In his direct appeal, defendant argued among other things that the indictment in this matter should have been dismissed because he was not tried within the 180 days mandated by the IAD. Defendant asserted that he was an inmate of the federal prison in Loretto, Pennsylvania (Loretto) when he made a demand pursuant to the IAD to be tried in the matter at hand as well as the Union County matter. Defendant claimed in his direct appeal that the trial judge erroneously refused to dismiss the indictment in this case pursuant to the IAD. We rejected this argument by way of our July 3, 2001 unpublished opinion.

On that earlier occasion, we first ascertained when the 180-day period commenced, and provided the following description of what the record revealed on that point:

. . . Defendant completed the appro-priate statutory forms on January 20, 1998, indicating that his attorney was Paul W. Bergrin, Esq. His request was received in Union County and Middlesex County on February 13, 1998. Ordinarily, the 180-day period would begin to run on that date. N.J.S.A. 2A:159A-3(a). However, the record furnished us [with regard to] the Middlesex County indictment includes a letter from the Federal Bureau of Prisons, dated February 25, 1998, advising Sergeant Richard D. Scott of the Middlesex County Prosecutor's Office that defendant had been "temporarily transferred" from [Loretto] where he had been incarcerated. The transfer was pursuant to a "Federal Writ of Habeas Corpus." The letter further stated that his date of return was unknown and that Scott would be notified upon defendant's return "in order that arrangements can be made to schedule his temporary transfer to Middlesex County" pursuant to IAD. On August 27, 1998, Scott was advised that defendant had returned to Loretto and was available for a temporary transfer to Middlesex County. . . .

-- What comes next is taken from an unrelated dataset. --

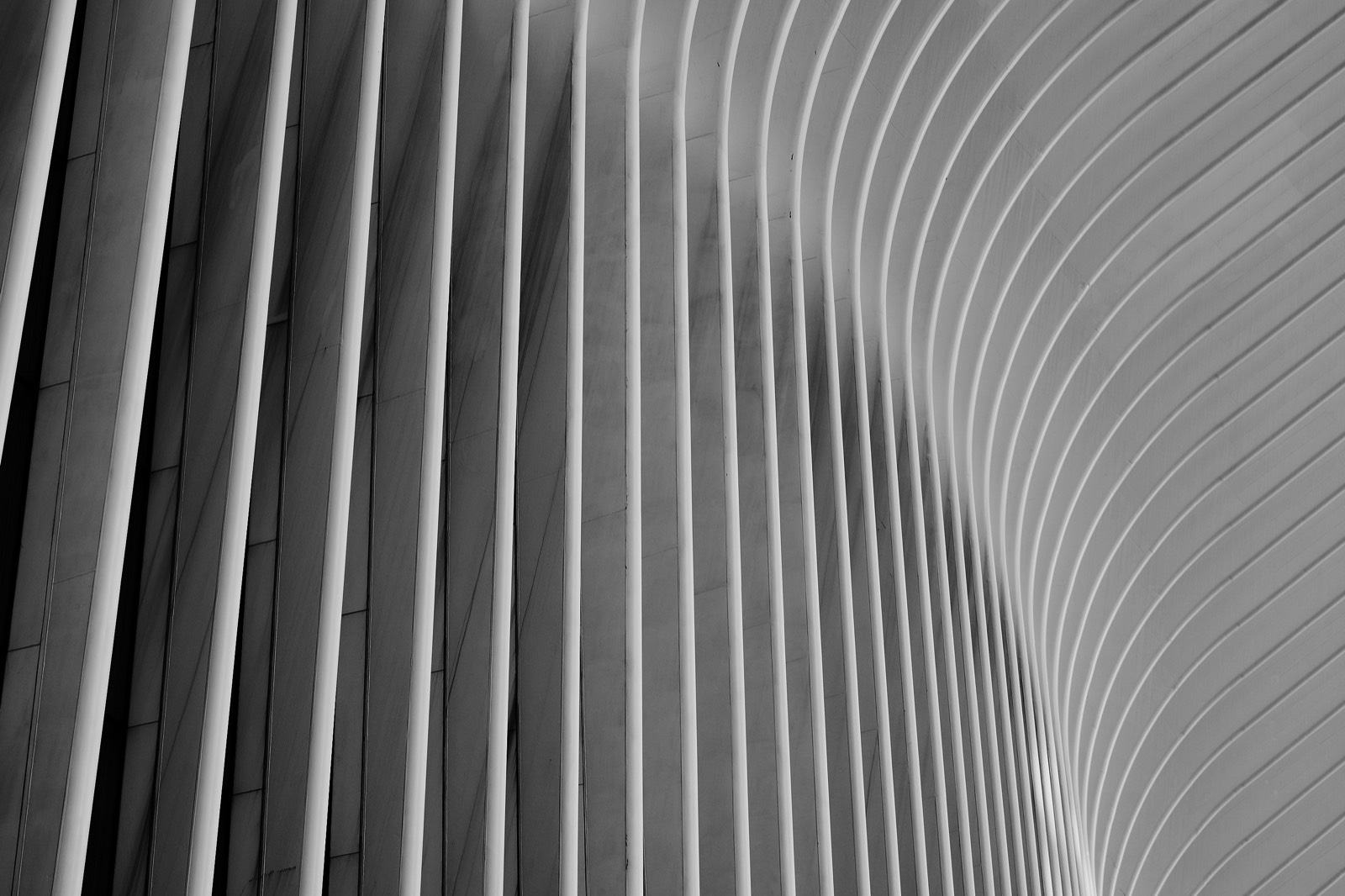 Stacks Image 3482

Defendant initially had been sent from Loretto to Brooklyn, New York. According to defendant, he went to Brooklyn to "look at a photo lineup of some individuals that had taken some money from [him]." He was then sent to Florida to testify on a post-conviction hearing regarding legal repre-sentation for his appeal of his conviction there. In addition, for some reasons undis-closed in the record, he was in Passaic County for approximately one month. Relying upon United States v. Mason, 372 F. Supp. 651 (N.D. Ohio 1973), defendant contends that the 180-day period continued to run even though he had been transferred to various institutions. We disagree.

In Mason, after defendant had served his request, defendant was released from imprisonment in Ohio on parole and returned to Michigan to serve the balance remaining on his sentence there. The [c]ourt held that the Assistant United States Attorney, upon whom the request for disposition of the untried indictment had been made, was obligated to locate defendant if it found that he was no longer under the jurisdiction of the original sending state. Here, unlike Mason, defendant was not transferred from one state to another after expiration of his sentence. Defendant had been sent to other jurisdictions for reasons undisclosed to the Union County Prosecutor and the Middlesex County Prosecutor. In addition, they had been told they would be advised when defendant returned to Loretto. Considering the totality of the circumstances, we conclude that the 180-day period did not begin to run until Middlesex County and Union County were advised, on August 27, 1998, that defendant had been returned to Loretto. Defendant's trial in Union County began on January 25, 1999, and concluded on January 28, 1999, well within the 180-day period. Accordingly, the Union County court did not mistakenly exercise its discretion in denying defendant's motion raised prior to trial, and renewed prior to sentence.

[State v. McGhee, supra, slip op. at 13-15.]

We then observed that the trial in this matter commenced on April 28, 1999 and concluded on April 30, 1999. Recognizing that this trial took place nearly sixty days after the expiration of the 180-day period, we ascertained whether the statutory time period was tolled or whether defendant was unable to stand trial for any portion of that period of time:

. . . As previously noted, the Union County trial took four days. The statutory time period was tolled while he was on trial in Union County. Miller, supra, 299 N.J. Super. at 396. Furthermore, when defendant initially appeared in Middlesex County on December 3, 1998, he insisted that Bergrin represent[] him. Neither Bergrin nor any member of his firm appeared. His next appearance was on January 11, 1999. Defendant was represented by Richard Barker, Esq., of the Public Defender's Office. A person who was identified in the record only as Ms. Arik [assumed by the court to be the judge's team leader] advised the judge that she had telephoned Bergrin's office and was advised by his associate, Arlindo B. Araujo that his firm did not represent defendant in Middlesex County. Understandably, Barker was reluctant to represent defendant in light of defendant's understanding that Bergrin re-presented him. In addition, Barker had a letter from Bergrin asserting that he had been retained by defendant's family to represent him in Middlesex County. Barker suggested the case be continued to February 8, 1999, in order to resolve the issue of representation.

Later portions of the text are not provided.